Hi, I am Angelica JumpinJackFarms daughter! I did buy them a "cheapo" ball from Target on Friday!

I took some cute pics of them playing with it. I started out buying it for Abbie but it turns out Zepp liked it way more then she did...

The first pic is of Abbie and the rest are of Zepp!


----------



## Chico (May 8, 2007)

I do have videos of the boys playing with a section of old hose and a flatish basket ball. I will see if husband can help me post them. I will keep the camera handy and hope I get a yoga ball video.

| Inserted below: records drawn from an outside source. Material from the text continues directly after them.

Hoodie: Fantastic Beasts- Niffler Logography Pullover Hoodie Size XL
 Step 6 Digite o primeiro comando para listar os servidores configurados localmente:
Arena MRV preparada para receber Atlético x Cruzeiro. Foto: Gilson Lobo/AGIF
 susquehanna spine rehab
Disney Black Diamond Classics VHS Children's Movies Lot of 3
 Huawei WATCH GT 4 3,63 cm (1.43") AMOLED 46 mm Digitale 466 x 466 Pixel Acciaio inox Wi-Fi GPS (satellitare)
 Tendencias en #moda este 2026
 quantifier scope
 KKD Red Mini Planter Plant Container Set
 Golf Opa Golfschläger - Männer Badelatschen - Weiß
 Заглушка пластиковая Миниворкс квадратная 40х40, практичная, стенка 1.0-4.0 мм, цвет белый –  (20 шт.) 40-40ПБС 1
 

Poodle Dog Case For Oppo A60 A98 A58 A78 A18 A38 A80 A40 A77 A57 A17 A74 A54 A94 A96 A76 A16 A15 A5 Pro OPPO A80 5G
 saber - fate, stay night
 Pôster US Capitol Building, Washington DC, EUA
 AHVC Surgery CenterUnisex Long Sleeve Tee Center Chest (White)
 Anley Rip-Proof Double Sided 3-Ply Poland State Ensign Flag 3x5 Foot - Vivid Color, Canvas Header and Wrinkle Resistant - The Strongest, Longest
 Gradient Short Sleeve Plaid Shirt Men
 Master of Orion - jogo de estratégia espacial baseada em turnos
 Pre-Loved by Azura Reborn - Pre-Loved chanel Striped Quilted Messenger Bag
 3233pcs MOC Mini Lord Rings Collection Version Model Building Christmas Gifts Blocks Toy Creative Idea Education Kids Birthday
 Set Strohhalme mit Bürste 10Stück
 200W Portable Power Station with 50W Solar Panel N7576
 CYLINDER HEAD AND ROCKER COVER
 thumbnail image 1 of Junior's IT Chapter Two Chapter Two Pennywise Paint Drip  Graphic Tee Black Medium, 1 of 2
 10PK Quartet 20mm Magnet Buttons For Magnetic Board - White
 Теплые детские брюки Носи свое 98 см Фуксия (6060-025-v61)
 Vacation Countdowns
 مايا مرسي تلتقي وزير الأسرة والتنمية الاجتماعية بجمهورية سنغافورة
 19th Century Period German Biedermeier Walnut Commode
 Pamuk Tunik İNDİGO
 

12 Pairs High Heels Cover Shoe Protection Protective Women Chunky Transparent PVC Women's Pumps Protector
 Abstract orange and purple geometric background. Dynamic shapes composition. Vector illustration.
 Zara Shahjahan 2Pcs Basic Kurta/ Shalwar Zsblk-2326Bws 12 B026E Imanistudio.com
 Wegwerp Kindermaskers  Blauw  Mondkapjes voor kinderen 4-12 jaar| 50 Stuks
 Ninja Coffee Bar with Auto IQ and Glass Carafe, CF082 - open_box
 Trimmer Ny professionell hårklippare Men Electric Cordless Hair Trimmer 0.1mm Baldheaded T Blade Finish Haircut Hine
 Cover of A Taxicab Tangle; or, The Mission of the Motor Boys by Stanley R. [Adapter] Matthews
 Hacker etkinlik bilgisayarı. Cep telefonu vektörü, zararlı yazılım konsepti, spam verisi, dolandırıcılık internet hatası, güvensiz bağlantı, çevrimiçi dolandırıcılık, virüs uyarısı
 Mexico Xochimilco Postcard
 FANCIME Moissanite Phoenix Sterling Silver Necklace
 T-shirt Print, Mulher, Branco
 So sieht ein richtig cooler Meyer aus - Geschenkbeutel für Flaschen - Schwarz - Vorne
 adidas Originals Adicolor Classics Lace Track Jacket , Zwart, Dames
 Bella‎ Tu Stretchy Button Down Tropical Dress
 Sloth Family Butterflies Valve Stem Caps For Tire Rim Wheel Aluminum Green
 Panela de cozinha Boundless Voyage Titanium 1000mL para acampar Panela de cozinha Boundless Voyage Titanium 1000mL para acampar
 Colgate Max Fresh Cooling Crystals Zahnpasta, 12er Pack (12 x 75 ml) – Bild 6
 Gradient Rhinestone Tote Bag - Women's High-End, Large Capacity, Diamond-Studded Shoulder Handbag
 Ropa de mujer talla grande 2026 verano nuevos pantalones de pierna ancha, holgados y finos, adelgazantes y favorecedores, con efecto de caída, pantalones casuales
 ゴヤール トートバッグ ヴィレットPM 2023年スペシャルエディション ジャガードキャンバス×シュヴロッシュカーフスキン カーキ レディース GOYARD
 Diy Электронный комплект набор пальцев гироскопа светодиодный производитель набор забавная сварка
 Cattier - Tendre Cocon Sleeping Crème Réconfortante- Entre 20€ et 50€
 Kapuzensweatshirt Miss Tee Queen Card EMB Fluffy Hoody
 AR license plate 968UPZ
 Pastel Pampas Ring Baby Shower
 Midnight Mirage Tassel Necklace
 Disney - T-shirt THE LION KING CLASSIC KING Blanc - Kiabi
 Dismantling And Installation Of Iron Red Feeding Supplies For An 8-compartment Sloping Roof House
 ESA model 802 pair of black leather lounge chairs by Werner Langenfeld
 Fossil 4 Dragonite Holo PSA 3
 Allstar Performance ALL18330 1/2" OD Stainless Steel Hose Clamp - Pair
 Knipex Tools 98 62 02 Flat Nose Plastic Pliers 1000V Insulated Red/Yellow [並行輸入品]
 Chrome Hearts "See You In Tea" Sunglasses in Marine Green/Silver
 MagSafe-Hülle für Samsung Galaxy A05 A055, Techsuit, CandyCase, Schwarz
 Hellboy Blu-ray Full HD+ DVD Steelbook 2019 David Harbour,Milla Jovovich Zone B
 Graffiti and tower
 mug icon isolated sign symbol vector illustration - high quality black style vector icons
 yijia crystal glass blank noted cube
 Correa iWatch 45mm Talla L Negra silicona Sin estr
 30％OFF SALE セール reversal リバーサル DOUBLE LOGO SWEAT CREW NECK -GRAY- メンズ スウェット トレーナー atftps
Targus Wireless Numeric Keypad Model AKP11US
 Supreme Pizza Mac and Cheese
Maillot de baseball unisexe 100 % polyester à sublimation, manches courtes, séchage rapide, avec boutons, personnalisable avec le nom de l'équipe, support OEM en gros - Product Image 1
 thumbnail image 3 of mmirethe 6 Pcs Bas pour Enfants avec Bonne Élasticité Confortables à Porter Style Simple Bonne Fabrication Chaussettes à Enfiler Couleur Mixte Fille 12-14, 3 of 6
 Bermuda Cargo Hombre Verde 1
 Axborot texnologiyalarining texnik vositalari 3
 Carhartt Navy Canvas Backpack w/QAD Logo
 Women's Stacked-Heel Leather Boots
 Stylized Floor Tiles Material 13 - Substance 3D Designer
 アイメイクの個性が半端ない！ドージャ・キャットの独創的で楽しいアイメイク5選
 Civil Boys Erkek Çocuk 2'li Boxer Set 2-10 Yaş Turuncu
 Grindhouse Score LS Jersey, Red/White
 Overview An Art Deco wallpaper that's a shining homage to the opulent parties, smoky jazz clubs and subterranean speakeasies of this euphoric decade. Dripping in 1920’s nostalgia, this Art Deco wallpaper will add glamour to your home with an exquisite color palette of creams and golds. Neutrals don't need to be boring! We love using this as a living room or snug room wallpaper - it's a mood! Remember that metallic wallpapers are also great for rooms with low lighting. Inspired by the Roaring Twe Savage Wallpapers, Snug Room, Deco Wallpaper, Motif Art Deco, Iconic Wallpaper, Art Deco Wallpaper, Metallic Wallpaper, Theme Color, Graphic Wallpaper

I love the hoola-hoop idea !I was also thinking of getting the boys a wading pool this summer. Love all the photos, cute pictures. Aren't we lucky to have donkeys?!

chico


----------



## PaintedPromiseRanch (May 8, 2007)

my donkeys LOVE their orange cones, and their small dog-sized jolly balls! Dillon also has old, going flat football, soccer ball, basket ball, bigger jolly ball - he loves those too although Zacchaeus the JRT mix steals them all the time. he also has a length of lead rope about 4 foot long, old and stiff, that i tie in a loop around the fence and he tugs on it till he gets it off, then carries it around until i tie if back on the fence. i have not seen Wiley or Trooper play with toys though... nor the older jennets, although the young ones do play with the cones.


----------



## Emily's mom (May 8, 2007)

The toys sound like a good idea, I must look around the barn for flat old basketballs and such, not that Emily doesn't deserve new toys.



:



:


----------